Un’altra considerazione riguarda la questione del completamento dell’Unione bancaria. Qui il problema è duplice, da un lato, l’assicurazione europea sui depositi e, dall’altro, la emissione di eurobond e in particolare di un safebond che favorirebbe ad un tempo la riduzione dei rischi sovrani e la mutualizzazione del debito futuro. Anche a questo riguardo, ritorna la posizione contraria della Germania e dei suoi alleati rigoristi secondo cui prima bisogna ridurre il rischio dei debiti sovrani non sostenibili e poi pensare alla mutualizzazione del debito e/o all’emissione di eurobond. L’aspra posizione del Presidente dell’ABI si spiega con il fatto che in qualche modo durante lavori preparatori della riforma del Trattato MES si è considerata anche una ipotesi di ristrutturazione automatica, alias, taglio del debito possibilmente concordato con i sottoscrittori dei debiti sovrani a rischio avanzata da alcuni PM rigoristi quanto o più della Germania. Evidente che un tale meccanismo ridurrebbe notevolmente la reputazione e credibilità del PM che la subirebbe. L’ipotesi è stata contrastata anche dalla Commissione come ha detto il Commissario Pierre Moscovici in visita di congedo in Italia venerdì scorso e comunque accantonata nel giugno scorso. Quindi la reazione di Patuelli è quanto meno tardiva. Secondo Laura Serafini (Sole 24 Ore del 21 novembre), la minacciosa posizione dell’ABI sarebbe motivata soprattutto dal fatto che, a breve termine, diventerà operativo l’accordo di Basilea che prevede sia pure gradualmente un aumento del capitale delle banche per circa 400 miliardi di euro che appesantisce e mette a rischio la posizione delle banche europee e, specialmente di quelle italiane che operano a fronte di una economia in fase di lunga stagnazione economica. Ma l’accordo di Basilea è materia di competenza delle Banche centrai e non saprei dire se lo stesso governo ne era a conoscenza.

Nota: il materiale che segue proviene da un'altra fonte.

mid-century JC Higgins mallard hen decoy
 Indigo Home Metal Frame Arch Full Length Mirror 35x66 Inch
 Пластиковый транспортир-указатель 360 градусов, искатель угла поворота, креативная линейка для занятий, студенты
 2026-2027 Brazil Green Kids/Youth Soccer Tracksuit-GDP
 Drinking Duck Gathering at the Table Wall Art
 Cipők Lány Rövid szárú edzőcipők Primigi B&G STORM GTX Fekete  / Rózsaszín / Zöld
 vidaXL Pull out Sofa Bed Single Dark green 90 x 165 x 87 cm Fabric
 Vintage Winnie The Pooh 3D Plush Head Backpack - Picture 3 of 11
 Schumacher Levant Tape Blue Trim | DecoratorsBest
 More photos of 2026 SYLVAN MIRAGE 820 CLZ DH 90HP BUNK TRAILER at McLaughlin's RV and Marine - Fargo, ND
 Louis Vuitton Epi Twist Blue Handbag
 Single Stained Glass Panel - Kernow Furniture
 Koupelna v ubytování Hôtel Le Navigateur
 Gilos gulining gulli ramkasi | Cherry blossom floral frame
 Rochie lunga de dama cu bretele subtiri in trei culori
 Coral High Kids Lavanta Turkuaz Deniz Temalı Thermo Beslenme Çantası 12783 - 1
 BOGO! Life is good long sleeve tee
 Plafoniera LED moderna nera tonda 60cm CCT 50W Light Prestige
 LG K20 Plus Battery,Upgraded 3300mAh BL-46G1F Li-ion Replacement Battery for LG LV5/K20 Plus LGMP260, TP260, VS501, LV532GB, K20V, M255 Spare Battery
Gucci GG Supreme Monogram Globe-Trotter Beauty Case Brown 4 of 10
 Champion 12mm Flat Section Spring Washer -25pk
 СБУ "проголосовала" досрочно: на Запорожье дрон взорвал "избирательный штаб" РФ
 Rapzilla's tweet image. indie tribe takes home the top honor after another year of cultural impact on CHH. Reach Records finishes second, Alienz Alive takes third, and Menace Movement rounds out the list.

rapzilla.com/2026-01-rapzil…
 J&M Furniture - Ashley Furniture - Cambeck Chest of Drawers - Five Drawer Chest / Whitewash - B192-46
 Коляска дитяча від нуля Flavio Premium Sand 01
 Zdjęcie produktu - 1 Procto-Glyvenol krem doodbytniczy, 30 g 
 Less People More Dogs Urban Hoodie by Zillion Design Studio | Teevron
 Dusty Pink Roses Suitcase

Come accennato sopra nell’Estate scorsa il governo ha proposto una c.d. “logica a pacchetto” o, per meglio dire, un salto qualitativo dall’approccio puntuale di per sé parziale ad un approccio relativamente più globale. Sottolineo relativamente perché qui stiamo valutando solo il miglioramento di alcuni strumenti finanziari e, quindi, l’UE sta comunque seguendo l’approccio puntuale su singoli strumenti più e meno rilevanti. Secondo me, va chiarito che anche la “logica a pacchetto” non è immune da punti deboli. Infatti collegare strettamente la sostenibilità del debito pubblico alla debolezza patrimoniale delle banche che detengono titoli del debito pubblico del governo del paese in cui operano – in Italia meno di un sesto del debito sovrano – significa in qualche modo trascurare il problema di fondo della rischiosità di tutto il debito pubblico quando questo raggiunge livelli molto elevati e l’economia reale del Paese non cresce anzi ristagna. Per altro verso, pensare che la sostenibilità del debito possa aumentare con la previsione di un’assicurazione europea dei depositi bancari può rivelarsi contraddittorio perché se essa da un lato può aiutare le banche dall’altro potrebbe incoraggiare sia l’azzardo morale delle stesse banche che indurre i risparmiatori a impiegare la loro liquidità in strumenti meno rischiosi come i depositi bancari assicurati – come avviene in questa fase in Italia. È vero che nella realtà finanza pubblica e privata sono interdipendenti e che tutto si collega ma gli effetti dei diversi strumenti non sempre convergono per assicurare la stabilità finanziaria e, meno ancora, quella della crescita sostenuta e sostenibile. Basta riflettere sulle cause e sugli sviluppi dell’ultima crisi mondiale per capirlo. L’eccessiva concessione di mutui subprime negli Stati Uniti e l’eccessiva “condivisione del rischio” non correttamente percepita tra le banche e fondi di investimento di molti paesi del mondo attraverso l’uso spregiudicato di prodotti derivati ha fatto lievitare oltre misura il rischio sistemico con conseguenti fallimenti e salvataggi bancari, conseguenti restrizioni creditizie e, alla fine, drammatici effetti sull’economia reale con doppie recessioni e aumenti consistenti della disoccupazione.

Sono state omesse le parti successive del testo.